(Exercise aim) Only the lines from the one containing "2022 Buick Enclave Essence Raleigh NC" to the end of the data should be copied, exactly and without pictures.

[Short text fragments from websites]
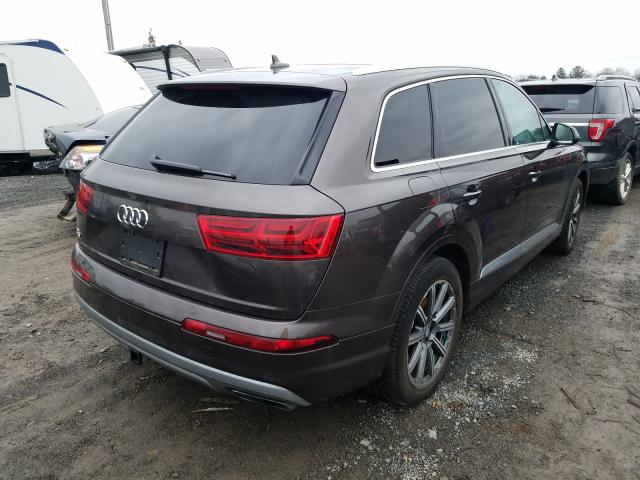 VIN WA1LHAF7XKD025171 2019 Audi Q7, Premium Plus no.4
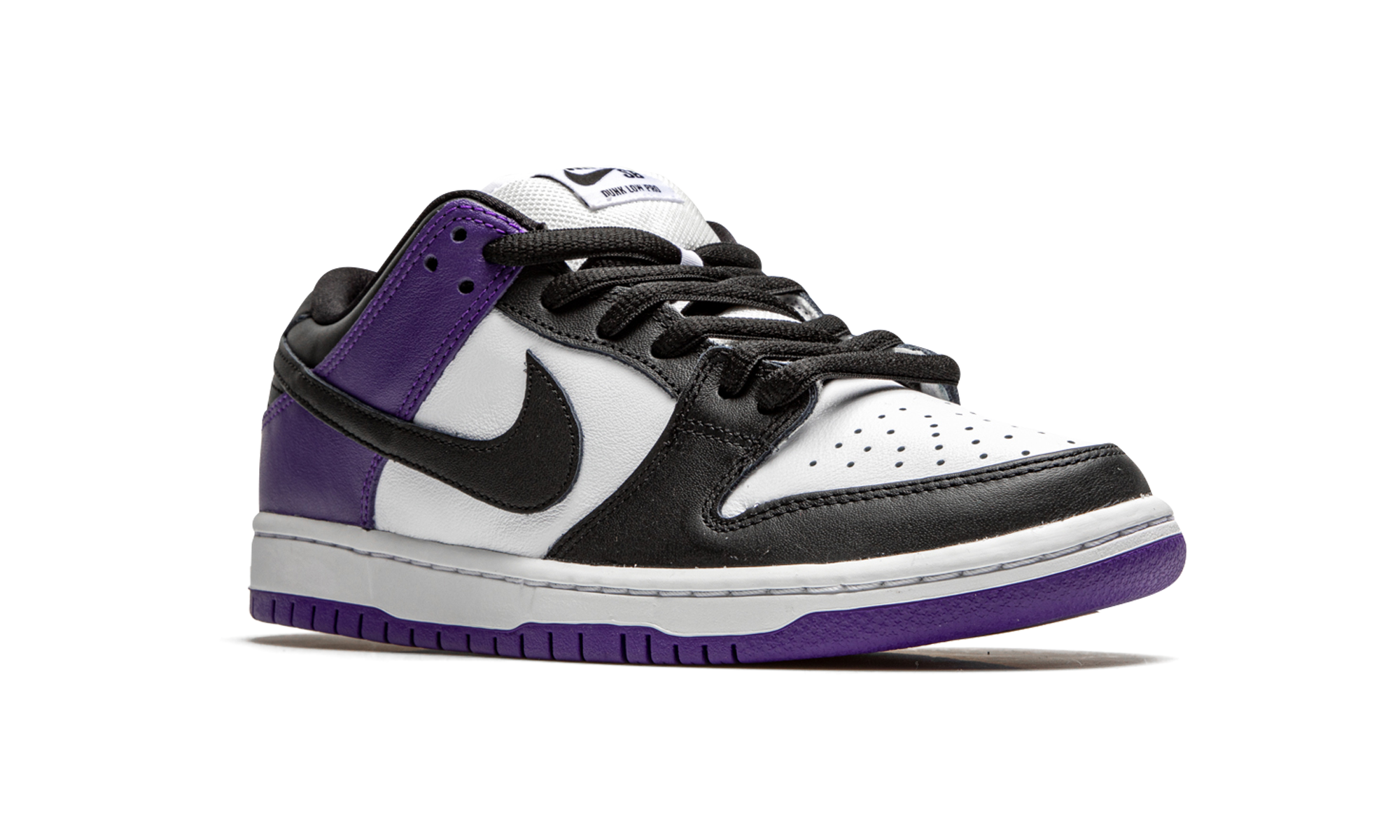 Nike Dunk SB Low Short Purple 7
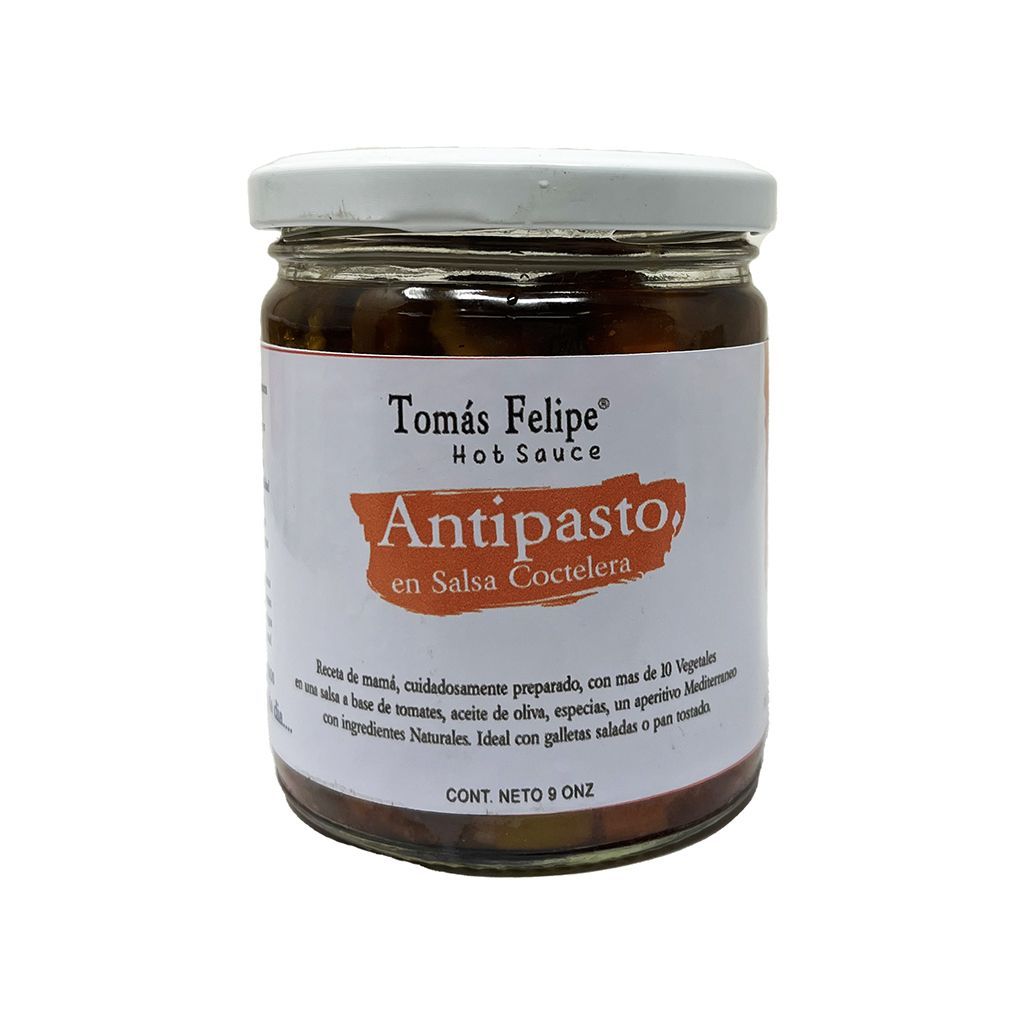 Antipasto  9 Oz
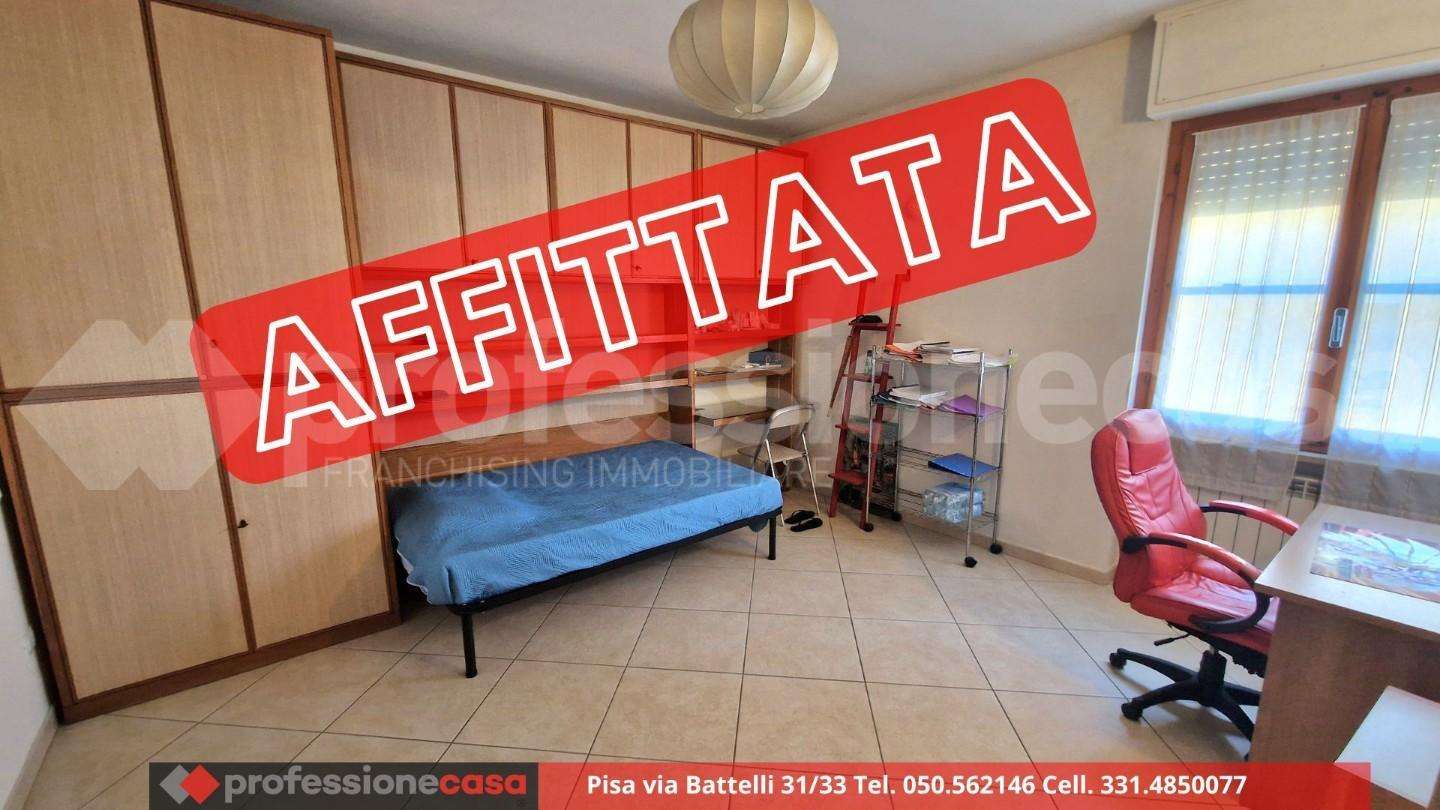 Appartamento Via delle Medaglie d 'Oro,, Pisa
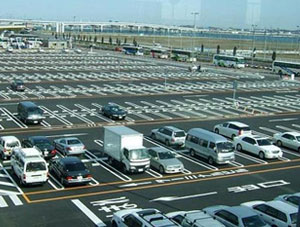 Long Term Parking At SFO Airport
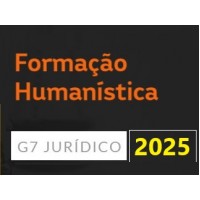 Formação Humanística para Magistratura (G7 2025)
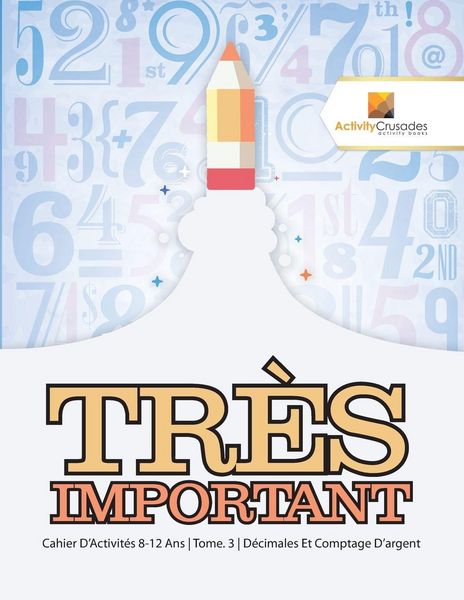 Produktbild: Tr&egrave;s Important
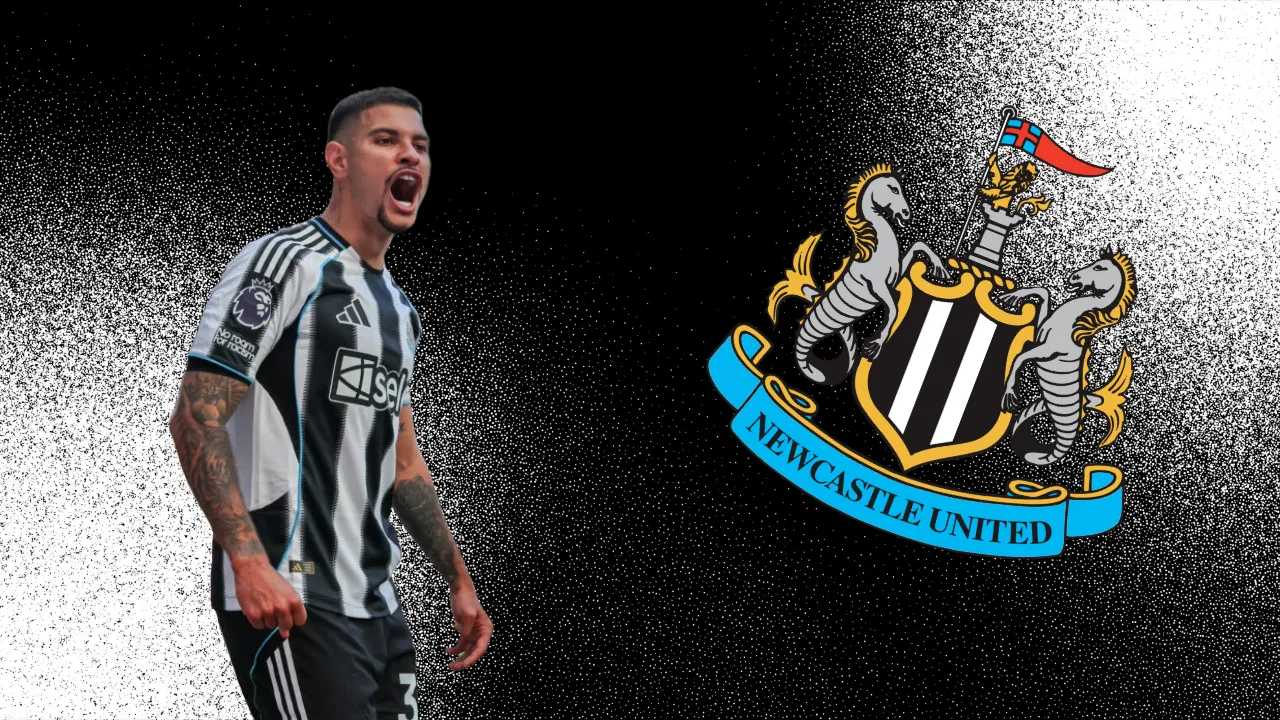 'What a season': Bruno Guimaraes reflects reflects on his first campaign as Newcastle United captain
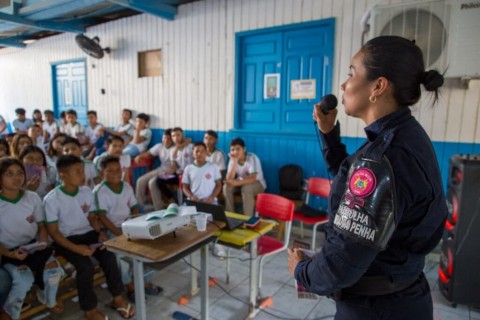 SEGURANÇA DAS MULHERES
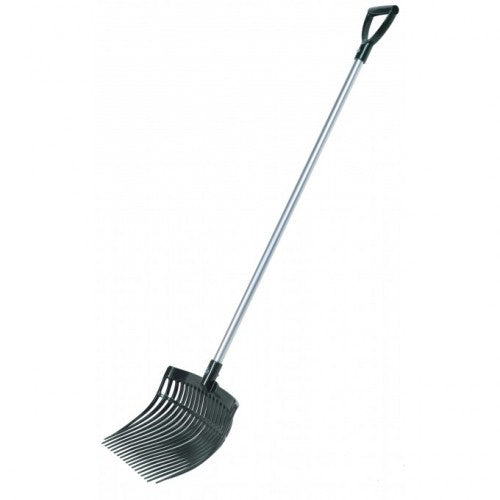 Plastic Shavings Fork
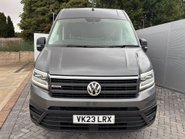 Volkswagen Crafter CR35 177 ps Tdi Trendline 4Motion DSG Panel Van - Diff Lock 11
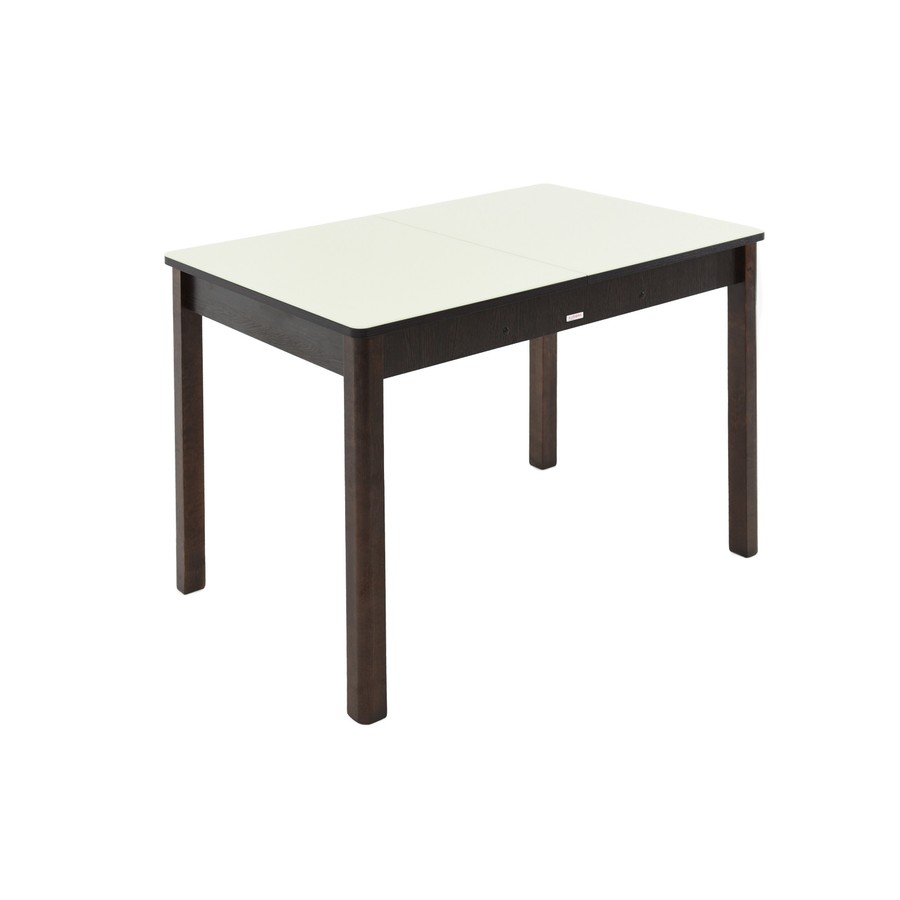 Обеденный стол «Гамбург» (Стекло, исп. 1, опоры метал.) от фабрики AURORA HOME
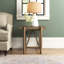 Ardan Solid Wood End Table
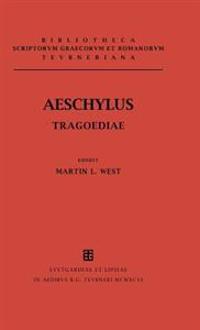 Tragoediae Cum Incerti Poetae Prometheo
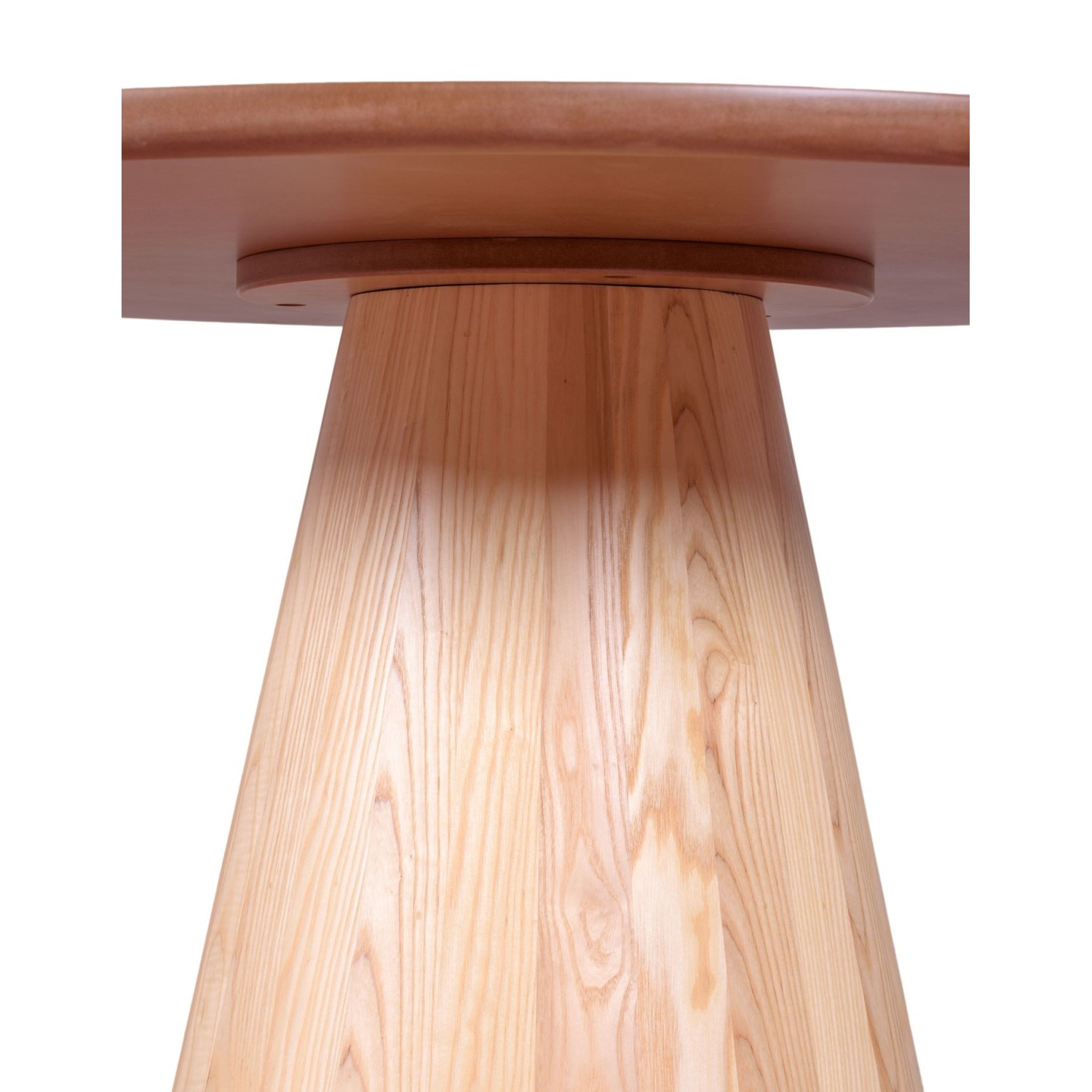 Nest matbord 120cm i ask
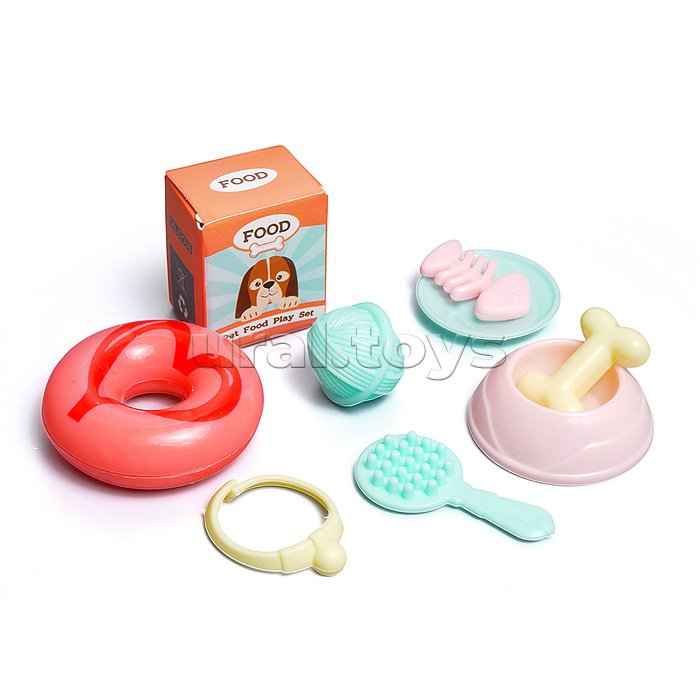 Игрушка-сюрприз "Котятки-ребятки" в коробке
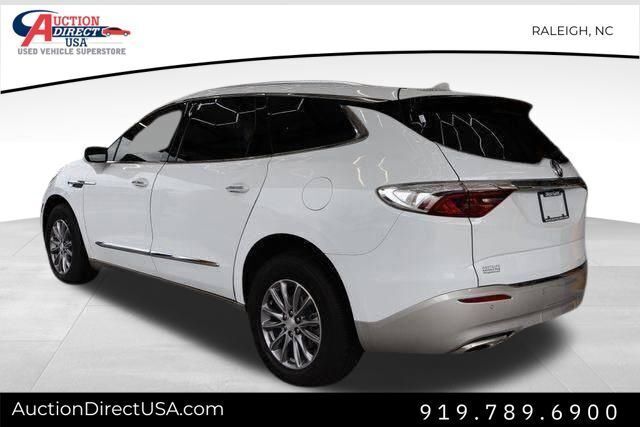 2022 Buick Enclave Essence Raleigh NC
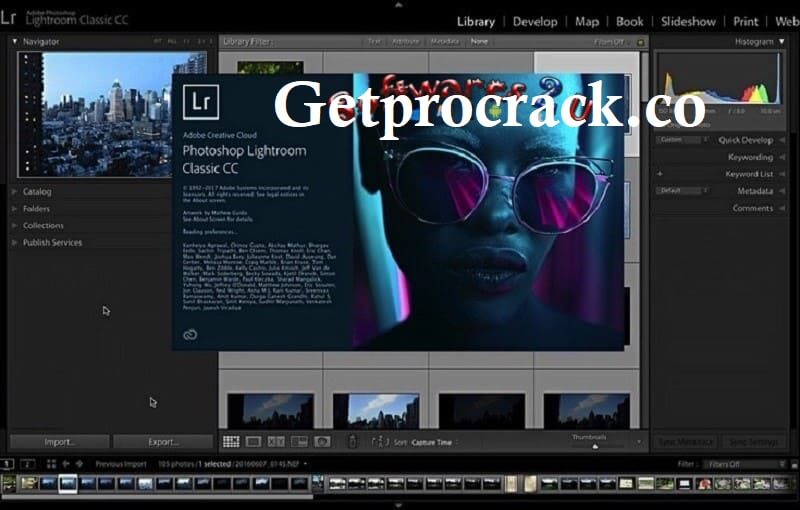 Adobe Photoshop Lightroom CC 2022 Crack + Serial Key Full Download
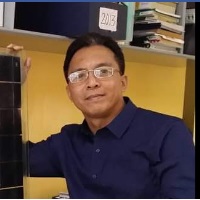 Rudy Romero at Solar & Storage Live Philippines 2024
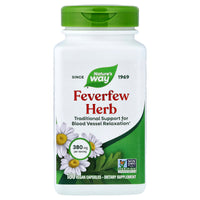 Nature's Way - Feverfew Herb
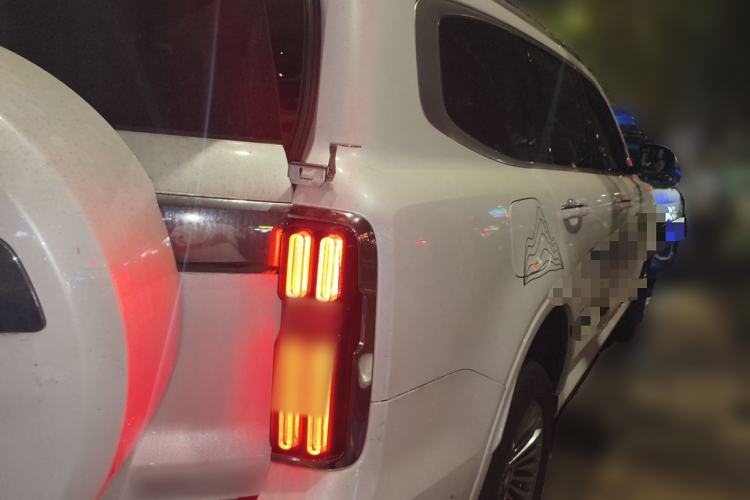 Used Tank 500 New Energy 2023 Hi4-T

(Result)
 2022 Buick Enclave Essence Raleigh NC
 Adobe Photoshop Lightroom CC 2022 Crack + Serial Key Full Download
 Rudy Romero at Solar & Storage Live Philippines 2024
 Nature's Way - Feverfew Herb
 Used Tank 500 New Energy 2023 Hi4-T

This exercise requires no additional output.